Hypertension: 1 to 16 mg Once Daily: The initial dose of doxazosin in patients with hypertension is 1 mg given once daily and this dose should not be exceeded. This starting dose is intended to minimize postural hypotensive effects. The maximum reduction in blood pressure normally occurs between 2 and 6 hours after a dose.
The dose may be slowly increased to achieve the desired blood pressure response. The usual dose range is 1 to 8 mg once daily. The maximum recommended daily dose is 16 mg once daily.

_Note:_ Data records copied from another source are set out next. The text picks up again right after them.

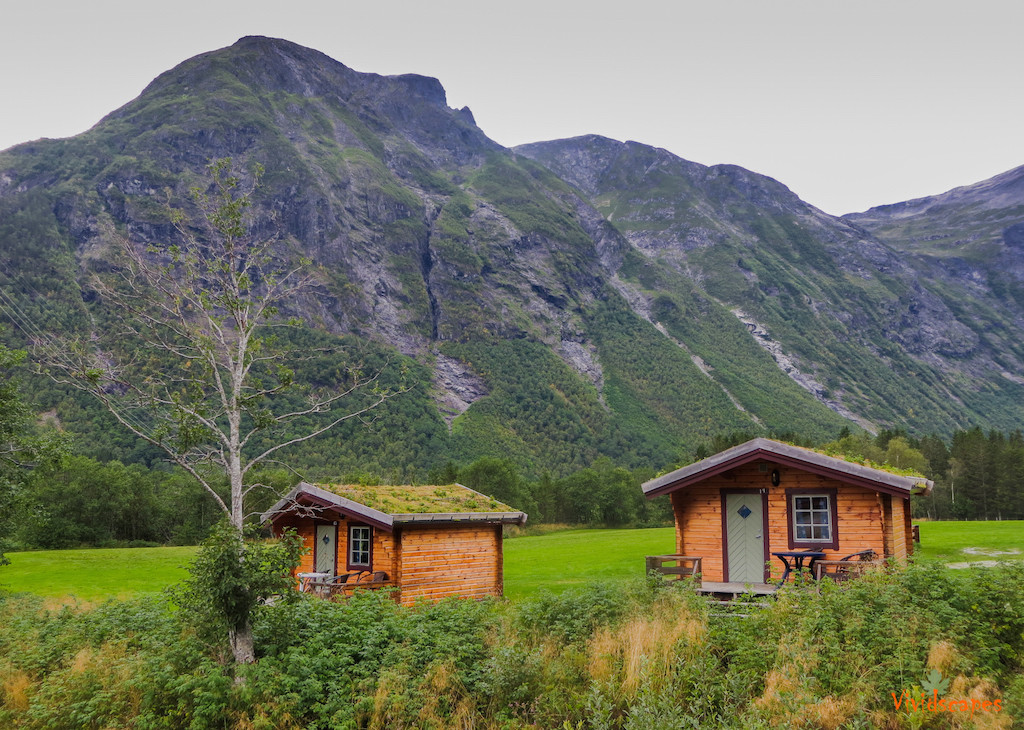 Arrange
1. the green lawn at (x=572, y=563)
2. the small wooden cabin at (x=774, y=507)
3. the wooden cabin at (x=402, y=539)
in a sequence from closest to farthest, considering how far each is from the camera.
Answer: the small wooden cabin at (x=774, y=507), the wooden cabin at (x=402, y=539), the green lawn at (x=572, y=563)

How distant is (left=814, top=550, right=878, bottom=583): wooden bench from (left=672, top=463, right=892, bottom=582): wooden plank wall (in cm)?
45

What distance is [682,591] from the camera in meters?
14.4

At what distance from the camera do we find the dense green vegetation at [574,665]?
32.7ft

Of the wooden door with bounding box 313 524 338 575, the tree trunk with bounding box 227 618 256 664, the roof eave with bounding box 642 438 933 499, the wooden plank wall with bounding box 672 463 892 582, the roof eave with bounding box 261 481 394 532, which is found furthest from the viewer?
the wooden door with bounding box 313 524 338 575

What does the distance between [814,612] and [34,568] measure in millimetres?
44625

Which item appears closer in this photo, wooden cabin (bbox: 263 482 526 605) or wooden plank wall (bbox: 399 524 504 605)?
wooden cabin (bbox: 263 482 526 605)

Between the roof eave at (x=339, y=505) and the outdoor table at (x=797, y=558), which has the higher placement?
the roof eave at (x=339, y=505)

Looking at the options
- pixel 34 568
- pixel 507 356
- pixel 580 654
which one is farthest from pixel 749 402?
pixel 580 654

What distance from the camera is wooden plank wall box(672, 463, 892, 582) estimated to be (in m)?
17.4

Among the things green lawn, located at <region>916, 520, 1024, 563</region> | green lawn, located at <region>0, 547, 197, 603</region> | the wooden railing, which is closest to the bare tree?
the wooden railing

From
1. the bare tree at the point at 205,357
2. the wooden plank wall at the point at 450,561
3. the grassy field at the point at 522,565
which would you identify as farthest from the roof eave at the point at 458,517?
the bare tree at the point at 205,357

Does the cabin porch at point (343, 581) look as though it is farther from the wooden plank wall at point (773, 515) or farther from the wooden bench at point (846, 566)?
the wooden bench at point (846, 566)

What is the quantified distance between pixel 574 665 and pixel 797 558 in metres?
7.93

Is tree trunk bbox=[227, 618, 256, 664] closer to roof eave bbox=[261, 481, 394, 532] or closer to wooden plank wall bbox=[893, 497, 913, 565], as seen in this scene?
roof eave bbox=[261, 481, 394, 532] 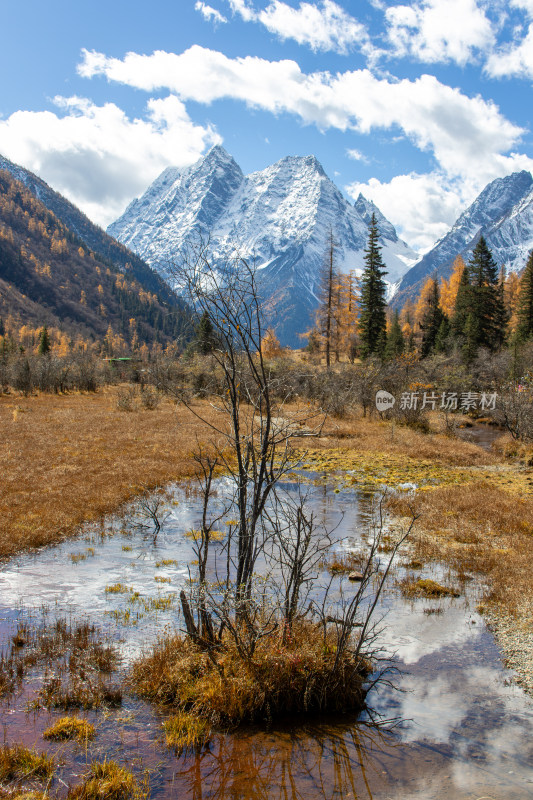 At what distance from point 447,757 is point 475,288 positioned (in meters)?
Result: 58.0

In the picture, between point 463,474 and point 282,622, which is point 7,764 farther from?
point 463,474

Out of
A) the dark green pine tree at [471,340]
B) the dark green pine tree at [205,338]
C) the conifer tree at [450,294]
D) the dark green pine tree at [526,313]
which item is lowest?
the dark green pine tree at [205,338]

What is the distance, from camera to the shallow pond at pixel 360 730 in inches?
178

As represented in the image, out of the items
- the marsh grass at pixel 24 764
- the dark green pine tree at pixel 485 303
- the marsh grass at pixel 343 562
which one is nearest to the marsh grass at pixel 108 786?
the marsh grass at pixel 24 764

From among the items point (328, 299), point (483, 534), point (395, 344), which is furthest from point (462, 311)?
point (483, 534)

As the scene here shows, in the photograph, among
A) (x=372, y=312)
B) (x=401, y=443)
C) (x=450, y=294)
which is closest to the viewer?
(x=401, y=443)

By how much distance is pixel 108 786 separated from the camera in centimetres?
421

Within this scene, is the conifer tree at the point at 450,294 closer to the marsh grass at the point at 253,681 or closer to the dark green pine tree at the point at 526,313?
the dark green pine tree at the point at 526,313

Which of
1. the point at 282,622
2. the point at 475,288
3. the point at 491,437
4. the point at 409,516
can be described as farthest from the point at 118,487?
the point at 475,288

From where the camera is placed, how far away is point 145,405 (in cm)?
4028

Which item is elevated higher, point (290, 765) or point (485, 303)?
point (485, 303)

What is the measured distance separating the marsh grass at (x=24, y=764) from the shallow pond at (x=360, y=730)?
156 millimetres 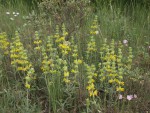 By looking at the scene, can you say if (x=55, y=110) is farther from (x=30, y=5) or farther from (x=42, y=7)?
(x=30, y=5)

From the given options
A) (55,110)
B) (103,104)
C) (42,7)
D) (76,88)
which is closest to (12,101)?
(55,110)

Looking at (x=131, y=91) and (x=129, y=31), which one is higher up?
(x=129, y=31)

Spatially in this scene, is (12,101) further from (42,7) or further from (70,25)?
(42,7)

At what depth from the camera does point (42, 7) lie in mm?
4609

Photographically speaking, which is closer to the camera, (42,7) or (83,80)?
(83,80)

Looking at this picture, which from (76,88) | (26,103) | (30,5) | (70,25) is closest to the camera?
(26,103)

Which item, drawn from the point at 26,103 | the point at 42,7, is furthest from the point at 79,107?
the point at 42,7

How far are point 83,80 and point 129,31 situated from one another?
5.28 ft

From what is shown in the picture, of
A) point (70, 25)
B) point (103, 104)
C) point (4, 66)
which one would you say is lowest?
point (103, 104)

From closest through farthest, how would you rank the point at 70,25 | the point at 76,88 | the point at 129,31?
the point at 76,88 < the point at 70,25 < the point at 129,31

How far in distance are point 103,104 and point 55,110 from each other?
17.0 inches

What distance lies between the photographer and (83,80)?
302 cm

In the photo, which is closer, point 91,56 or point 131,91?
point 131,91

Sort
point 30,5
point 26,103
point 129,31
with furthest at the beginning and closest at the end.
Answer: point 30,5
point 129,31
point 26,103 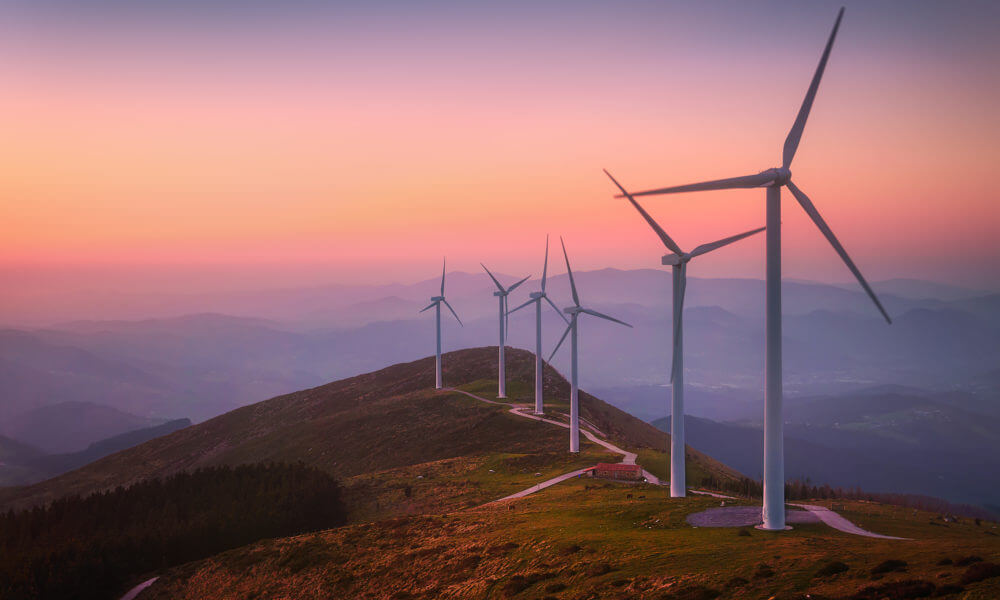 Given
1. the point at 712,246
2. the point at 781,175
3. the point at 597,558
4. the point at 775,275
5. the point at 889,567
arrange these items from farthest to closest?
the point at 712,246
the point at 597,558
the point at 781,175
the point at 775,275
the point at 889,567

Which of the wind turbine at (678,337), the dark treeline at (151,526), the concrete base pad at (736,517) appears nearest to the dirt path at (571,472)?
the wind turbine at (678,337)

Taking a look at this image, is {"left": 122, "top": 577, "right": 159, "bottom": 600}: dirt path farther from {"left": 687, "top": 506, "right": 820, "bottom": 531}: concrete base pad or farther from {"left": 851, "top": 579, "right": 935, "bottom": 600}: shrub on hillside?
{"left": 851, "top": 579, "right": 935, "bottom": 600}: shrub on hillside

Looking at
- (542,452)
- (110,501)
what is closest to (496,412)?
(542,452)

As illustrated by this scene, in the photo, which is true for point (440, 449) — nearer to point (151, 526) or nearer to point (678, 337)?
point (151, 526)

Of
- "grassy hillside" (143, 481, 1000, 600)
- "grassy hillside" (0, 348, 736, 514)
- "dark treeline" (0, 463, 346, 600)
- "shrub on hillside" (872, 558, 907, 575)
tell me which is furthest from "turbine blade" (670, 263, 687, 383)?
"dark treeline" (0, 463, 346, 600)

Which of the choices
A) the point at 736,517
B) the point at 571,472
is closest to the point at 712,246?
the point at 736,517

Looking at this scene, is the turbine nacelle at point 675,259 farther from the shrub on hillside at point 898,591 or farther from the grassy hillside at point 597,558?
the shrub on hillside at point 898,591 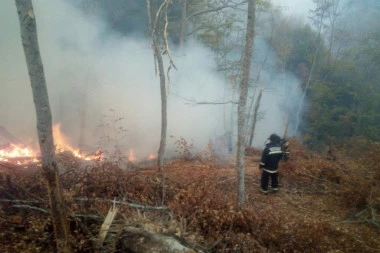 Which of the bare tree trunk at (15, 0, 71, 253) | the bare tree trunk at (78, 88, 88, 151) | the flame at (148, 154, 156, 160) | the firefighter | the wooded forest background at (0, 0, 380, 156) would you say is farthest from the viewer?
the wooded forest background at (0, 0, 380, 156)

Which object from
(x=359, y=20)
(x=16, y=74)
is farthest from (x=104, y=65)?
(x=359, y=20)

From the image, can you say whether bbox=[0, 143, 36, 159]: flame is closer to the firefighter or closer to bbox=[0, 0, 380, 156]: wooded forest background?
bbox=[0, 0, 380, 156]: wooded forest background

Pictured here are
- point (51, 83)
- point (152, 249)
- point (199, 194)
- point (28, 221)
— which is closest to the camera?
point (152, 249)

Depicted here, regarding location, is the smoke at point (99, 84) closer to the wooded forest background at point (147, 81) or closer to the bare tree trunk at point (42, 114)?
the wooded forest background at point (147, 81)

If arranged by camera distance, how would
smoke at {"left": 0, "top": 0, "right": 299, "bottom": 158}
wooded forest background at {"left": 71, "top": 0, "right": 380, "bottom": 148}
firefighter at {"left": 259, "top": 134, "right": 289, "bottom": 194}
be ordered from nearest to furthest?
firefighter at {"left": 259, "top": 134, "right": 289, "bottom": 194}
smoke at {"left": 0, "top": 0, "right": 299, "bottom": 158}
wooded forest background at {"left": 71, "top": 0, "right": 380, "bottom": 148}

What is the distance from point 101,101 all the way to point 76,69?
117 inches

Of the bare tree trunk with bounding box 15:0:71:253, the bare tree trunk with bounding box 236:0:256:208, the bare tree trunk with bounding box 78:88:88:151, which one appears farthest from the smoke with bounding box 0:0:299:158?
the bare tree trunk with bounding box 15:0:71:253

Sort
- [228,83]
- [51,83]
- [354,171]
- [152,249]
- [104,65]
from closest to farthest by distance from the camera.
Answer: [152,249] → [354,171] → [51,83] → [104,65] → [228,83]

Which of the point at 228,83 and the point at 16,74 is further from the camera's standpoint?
the point at 228,83

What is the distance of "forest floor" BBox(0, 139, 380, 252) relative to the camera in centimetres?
452

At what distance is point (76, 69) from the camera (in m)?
20.3

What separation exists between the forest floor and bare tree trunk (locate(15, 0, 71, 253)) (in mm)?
692

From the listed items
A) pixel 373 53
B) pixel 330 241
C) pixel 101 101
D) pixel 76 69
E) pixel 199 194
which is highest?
pixel 373 53

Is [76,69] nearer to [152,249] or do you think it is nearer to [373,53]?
[152,249] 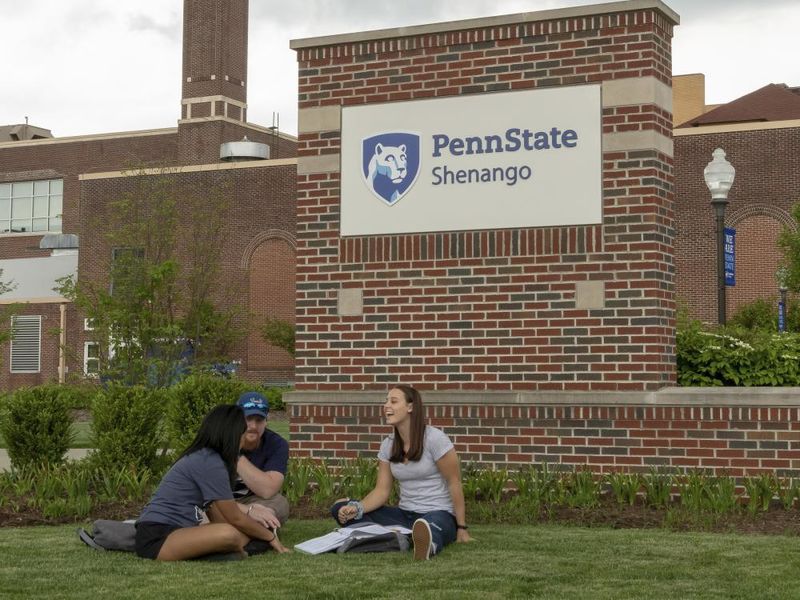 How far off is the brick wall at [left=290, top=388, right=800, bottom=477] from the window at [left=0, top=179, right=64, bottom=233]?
206ft

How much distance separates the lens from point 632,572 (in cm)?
823

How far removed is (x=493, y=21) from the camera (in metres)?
12.8

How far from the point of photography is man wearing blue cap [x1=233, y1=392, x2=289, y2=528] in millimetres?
9547

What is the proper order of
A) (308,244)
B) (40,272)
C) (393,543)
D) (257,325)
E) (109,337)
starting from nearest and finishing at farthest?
(393,543) < (308,244) < (109,337) < (257,325) < (40,272)

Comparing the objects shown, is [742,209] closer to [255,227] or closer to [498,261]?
[255,227]

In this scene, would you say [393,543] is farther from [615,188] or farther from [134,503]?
[615,188]

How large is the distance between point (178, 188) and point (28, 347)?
1294 cm

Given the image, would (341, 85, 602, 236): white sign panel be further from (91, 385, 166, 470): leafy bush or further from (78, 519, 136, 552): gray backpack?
(78, 519, 136, 552): gray backpack

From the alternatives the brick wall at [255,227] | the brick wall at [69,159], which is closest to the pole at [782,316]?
the brick wall at [255,227]

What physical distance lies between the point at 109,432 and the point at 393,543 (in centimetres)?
544

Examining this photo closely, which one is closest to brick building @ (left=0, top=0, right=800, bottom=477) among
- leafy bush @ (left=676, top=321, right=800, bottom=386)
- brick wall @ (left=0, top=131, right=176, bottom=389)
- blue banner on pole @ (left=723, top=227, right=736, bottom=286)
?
leafy bush @ (left=676, top=321, right=800, bottom=386)

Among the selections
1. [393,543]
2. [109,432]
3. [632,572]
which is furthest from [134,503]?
[632,572]

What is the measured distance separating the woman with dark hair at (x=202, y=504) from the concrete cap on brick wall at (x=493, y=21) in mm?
5671

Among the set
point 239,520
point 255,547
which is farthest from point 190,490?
point 255,547
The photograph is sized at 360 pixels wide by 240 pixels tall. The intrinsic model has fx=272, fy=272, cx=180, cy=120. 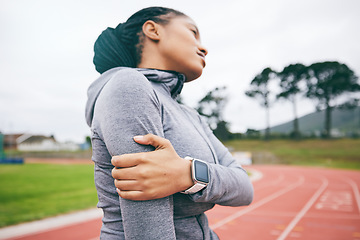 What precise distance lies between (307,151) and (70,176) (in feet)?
101

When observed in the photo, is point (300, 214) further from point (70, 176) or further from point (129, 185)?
point (70, 176)

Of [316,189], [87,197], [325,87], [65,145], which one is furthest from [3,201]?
[65,145]

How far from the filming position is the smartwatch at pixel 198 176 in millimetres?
812

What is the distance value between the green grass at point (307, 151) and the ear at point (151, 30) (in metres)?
31.2

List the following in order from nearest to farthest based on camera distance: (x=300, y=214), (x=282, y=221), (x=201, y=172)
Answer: (x=201, y=172) < (x=282, y=221) < (x=300, y=214)

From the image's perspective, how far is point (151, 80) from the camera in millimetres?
1025

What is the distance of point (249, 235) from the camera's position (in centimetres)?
659

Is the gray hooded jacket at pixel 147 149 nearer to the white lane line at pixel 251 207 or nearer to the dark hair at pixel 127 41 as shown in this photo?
the dark hair at pixel 127 41

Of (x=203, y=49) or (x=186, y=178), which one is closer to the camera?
(x=186, y=178)

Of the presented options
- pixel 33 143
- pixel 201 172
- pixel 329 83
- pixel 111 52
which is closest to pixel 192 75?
pixel 111 52

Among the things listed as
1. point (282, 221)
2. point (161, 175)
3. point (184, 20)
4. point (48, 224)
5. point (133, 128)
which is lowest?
point (282, 221)

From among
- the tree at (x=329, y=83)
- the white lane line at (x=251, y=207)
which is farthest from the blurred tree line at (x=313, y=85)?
the white lane line at (x=251, y=207)

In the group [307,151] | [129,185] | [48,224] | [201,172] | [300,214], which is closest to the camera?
Result: [129,185]

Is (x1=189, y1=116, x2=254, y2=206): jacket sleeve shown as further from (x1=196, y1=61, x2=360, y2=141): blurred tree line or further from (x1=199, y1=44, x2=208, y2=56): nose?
(x1=196, y1=61, x2=360, y2=141): blurred tree line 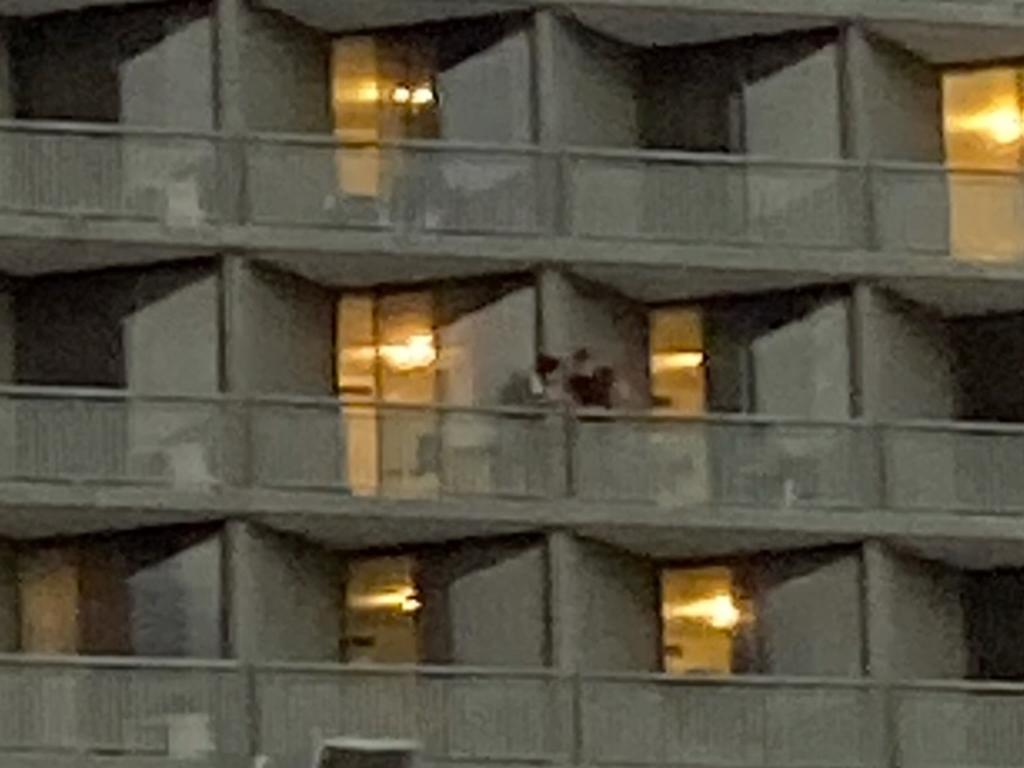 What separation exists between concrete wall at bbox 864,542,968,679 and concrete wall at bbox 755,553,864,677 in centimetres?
22

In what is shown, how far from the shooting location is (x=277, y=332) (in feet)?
177

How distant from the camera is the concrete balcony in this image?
53.3m

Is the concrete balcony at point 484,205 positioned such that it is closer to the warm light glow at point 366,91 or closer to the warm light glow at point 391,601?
the warm light glow at point 366,91

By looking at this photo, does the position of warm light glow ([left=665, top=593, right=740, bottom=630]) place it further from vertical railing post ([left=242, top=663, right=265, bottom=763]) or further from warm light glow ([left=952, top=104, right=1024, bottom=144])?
warm light glow ([left=952, top=104, right=1024, bottom=144])

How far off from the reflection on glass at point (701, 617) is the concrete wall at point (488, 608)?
2087 mm

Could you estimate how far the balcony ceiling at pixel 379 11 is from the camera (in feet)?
180

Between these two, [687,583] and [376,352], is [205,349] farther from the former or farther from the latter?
[687,583]

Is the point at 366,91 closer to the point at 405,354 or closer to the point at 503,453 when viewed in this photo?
the point at 405,354

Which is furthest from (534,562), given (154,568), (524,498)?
(154,568)

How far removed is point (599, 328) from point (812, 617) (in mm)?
4088

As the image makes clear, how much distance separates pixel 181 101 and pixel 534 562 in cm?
652

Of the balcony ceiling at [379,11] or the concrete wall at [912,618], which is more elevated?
the balcony ceiling at [379,11]

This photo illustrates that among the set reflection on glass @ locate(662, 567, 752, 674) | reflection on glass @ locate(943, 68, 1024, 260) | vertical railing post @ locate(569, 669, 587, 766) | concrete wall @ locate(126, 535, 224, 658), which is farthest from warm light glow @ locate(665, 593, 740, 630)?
concrete wall @ locate(126, 535, 224, 658)

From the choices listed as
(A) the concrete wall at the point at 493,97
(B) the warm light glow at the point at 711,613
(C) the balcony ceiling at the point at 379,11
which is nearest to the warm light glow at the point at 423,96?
(A) the concrete wall at the point at 493,97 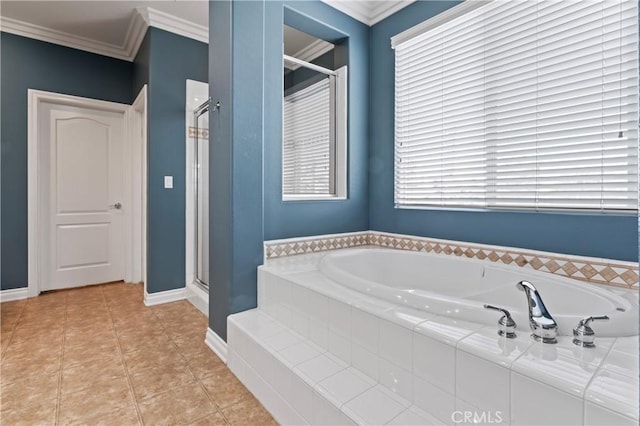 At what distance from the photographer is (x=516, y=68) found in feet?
5.94

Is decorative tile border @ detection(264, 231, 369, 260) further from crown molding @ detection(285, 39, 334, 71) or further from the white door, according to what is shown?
the white door

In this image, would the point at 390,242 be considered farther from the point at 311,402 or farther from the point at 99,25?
the point at 99,25

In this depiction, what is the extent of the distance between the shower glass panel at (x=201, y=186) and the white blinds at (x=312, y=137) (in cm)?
86

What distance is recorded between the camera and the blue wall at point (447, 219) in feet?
4.96

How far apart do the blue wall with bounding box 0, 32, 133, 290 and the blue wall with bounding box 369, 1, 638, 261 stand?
10.3 feet

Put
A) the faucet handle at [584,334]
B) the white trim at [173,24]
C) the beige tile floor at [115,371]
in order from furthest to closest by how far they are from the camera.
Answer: the white trim at [173,24], the beige tile floor at [115,371], the faucet handle at [584,334]

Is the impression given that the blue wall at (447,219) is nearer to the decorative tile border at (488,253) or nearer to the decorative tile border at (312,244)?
the decorative tile border at (488,253)

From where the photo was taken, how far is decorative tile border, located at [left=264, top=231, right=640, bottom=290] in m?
1.47

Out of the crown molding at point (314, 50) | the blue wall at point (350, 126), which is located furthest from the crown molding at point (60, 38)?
the blue wall at point (350, 126)

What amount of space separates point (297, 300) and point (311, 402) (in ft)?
1.66

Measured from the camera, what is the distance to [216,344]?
6.37ft

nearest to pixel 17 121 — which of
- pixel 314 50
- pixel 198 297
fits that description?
pixel 198 297

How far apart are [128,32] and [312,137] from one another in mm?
2148

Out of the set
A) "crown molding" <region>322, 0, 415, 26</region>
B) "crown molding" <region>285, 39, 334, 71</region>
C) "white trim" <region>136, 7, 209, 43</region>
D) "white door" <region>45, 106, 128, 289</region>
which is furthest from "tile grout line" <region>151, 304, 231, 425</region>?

Increases in dose beyond 4 mg increased the likelihood of excessive postural effects including syncope, postural dizziness/vertigo and postural hypotension. At a titrated dose of 16 mg once daily, the frequency of postural effects is about 12% compared to 3% for placebo.
Benign Prostatic Hyperplasia: 1 to 8 mg Once Daily: The initial dosage of doxazosin is 1 mg given once daily (see Warnings, Syncope and "First Dose" Effect). Depending on the individual patient's urodynamics and BPH symptomatology, dosage may then be increased to 2 mg and thereafter to 4 mg and 8 mg once daily, the maximum recommended dose. The recommended titration interval is 1 to 2 weeks. Blood pressure should be evaluated routinely in these patients.
Doxazosin should be discontinued if the drug has been increased to the maximum tolerated dose and improvement in urinary flowmetry is less than 25% or if doxazosin side effects are more bothersome than BPH symptoms, or if the patient develops a urinary complication secondary to BPH while on doxazosin therapy.